After finding "B&B Italiaさんのインスタグラム写真 - (B&B" in the data, write out its line and all following lines without change, up to and including the last one. Leave out pictures.

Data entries

################

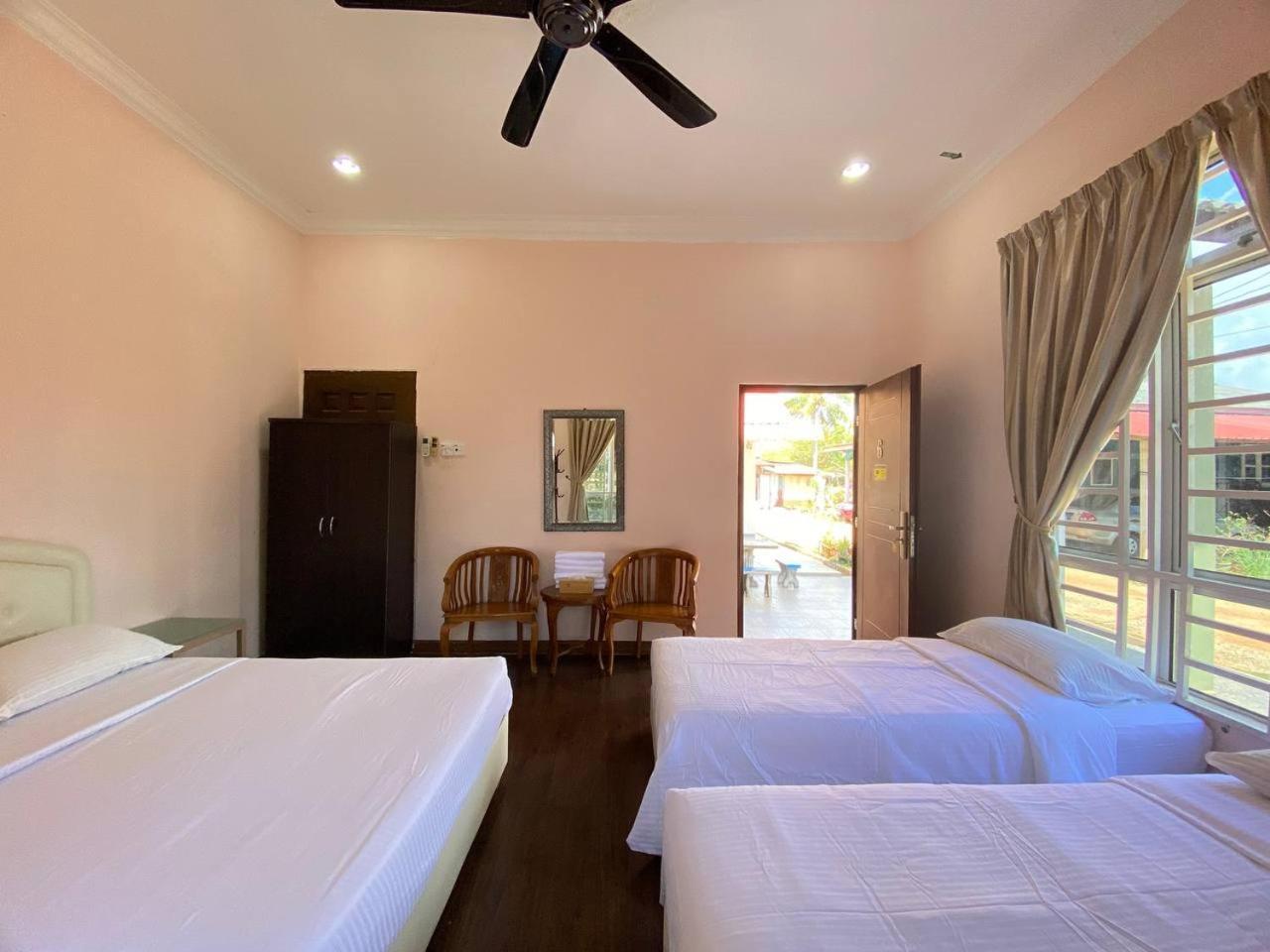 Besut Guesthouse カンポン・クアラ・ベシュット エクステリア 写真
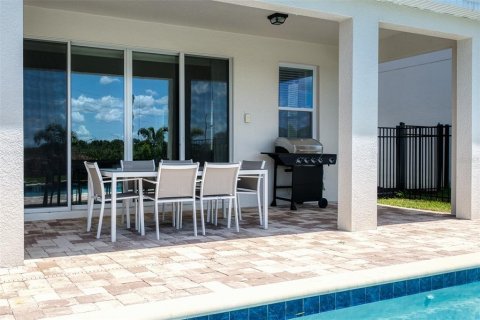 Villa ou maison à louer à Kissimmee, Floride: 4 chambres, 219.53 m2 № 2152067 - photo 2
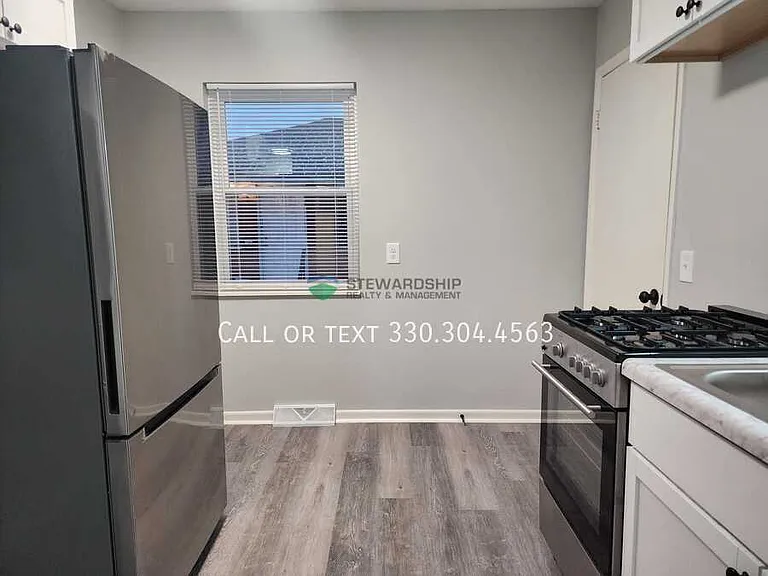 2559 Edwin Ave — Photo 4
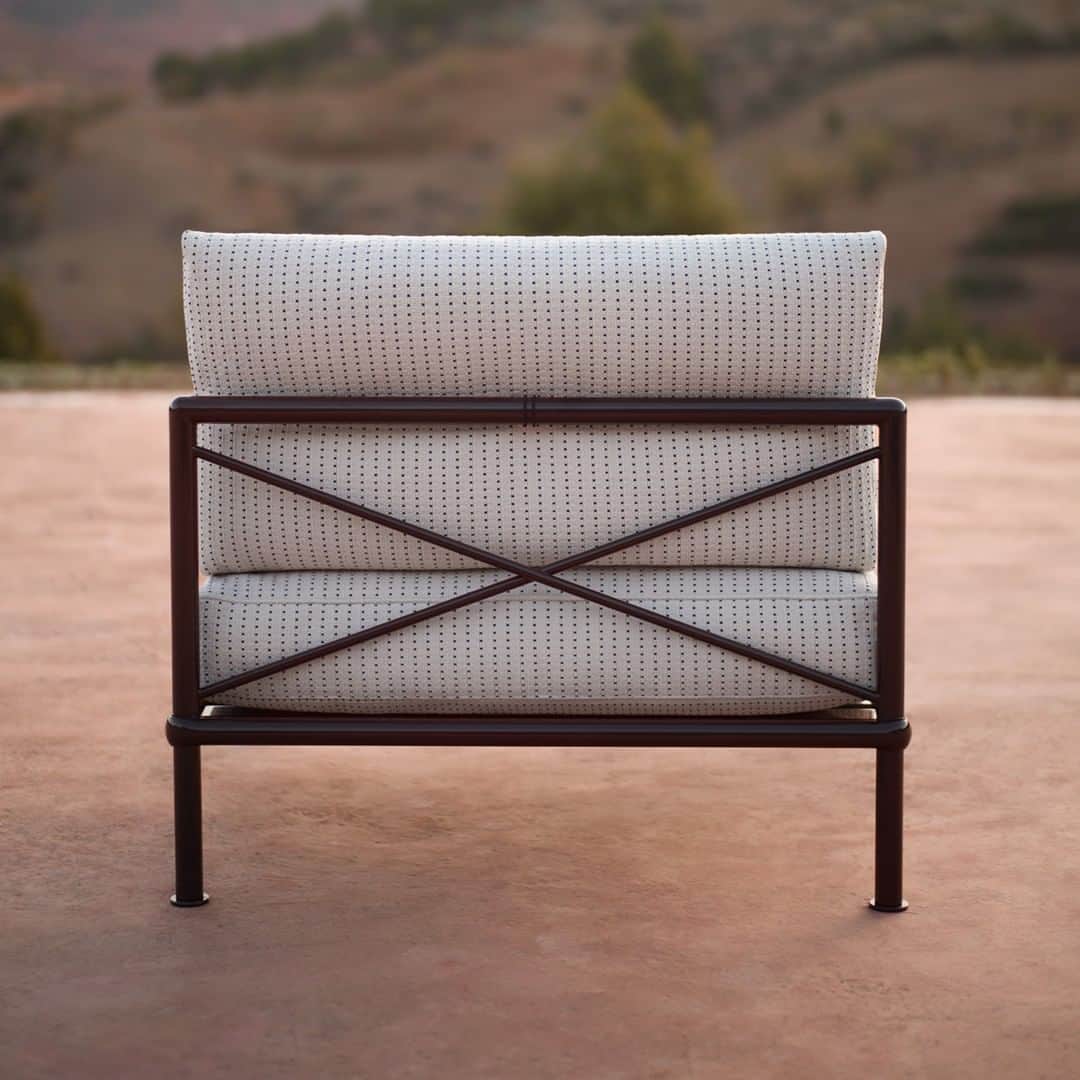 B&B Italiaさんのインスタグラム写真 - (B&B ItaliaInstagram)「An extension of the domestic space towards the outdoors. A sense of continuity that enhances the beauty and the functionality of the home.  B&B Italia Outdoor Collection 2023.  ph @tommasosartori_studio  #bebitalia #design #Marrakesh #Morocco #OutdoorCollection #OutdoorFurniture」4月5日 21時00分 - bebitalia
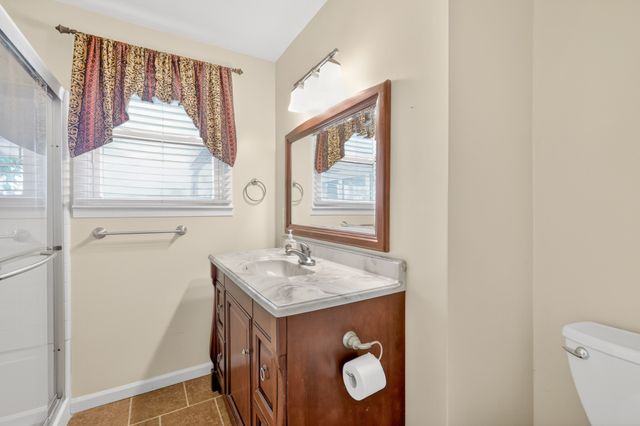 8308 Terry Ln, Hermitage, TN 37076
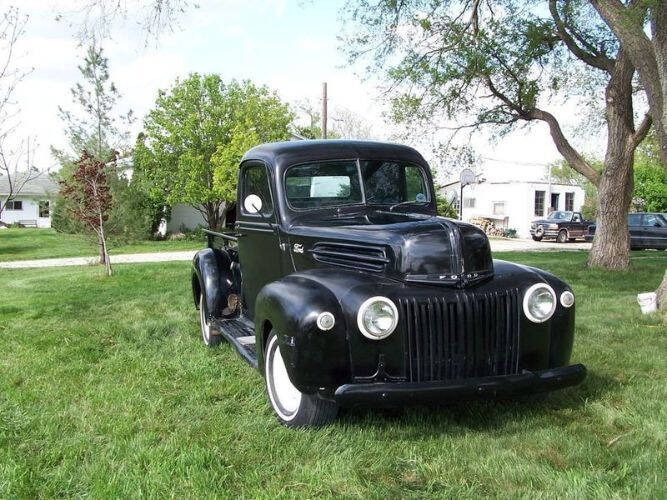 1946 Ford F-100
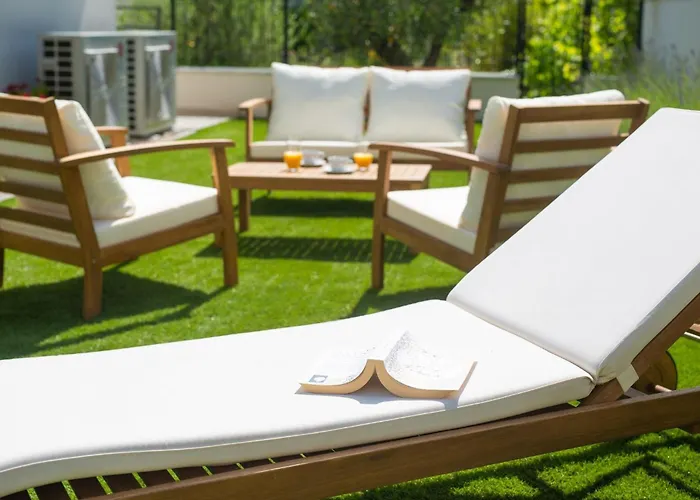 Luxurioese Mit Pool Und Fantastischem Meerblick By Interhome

################

**SOLUTION TO THE EXERCISE:**
 B&B Italiaさんのインスタグラム写真 - (B&B ItaliaInstagram)「An extension of the domestic space towards the outdoors. A sense of continuity that enhances the beauty and the functionality of the home.  B&B Italia Outdoor Collection 2023.  ph @tommasosartori_studio  #bebitalia #design #Marrakesh #Morocco #OutdoorCollection #OutdoorFurniture」4月5日 21時00分 - bebitalia
 8308 Terry Ln, Hermitage, TN 37076
 1946 Ford F-100
 Luxurioese Mit Pool Und Fantastischem Meerblick By Interhome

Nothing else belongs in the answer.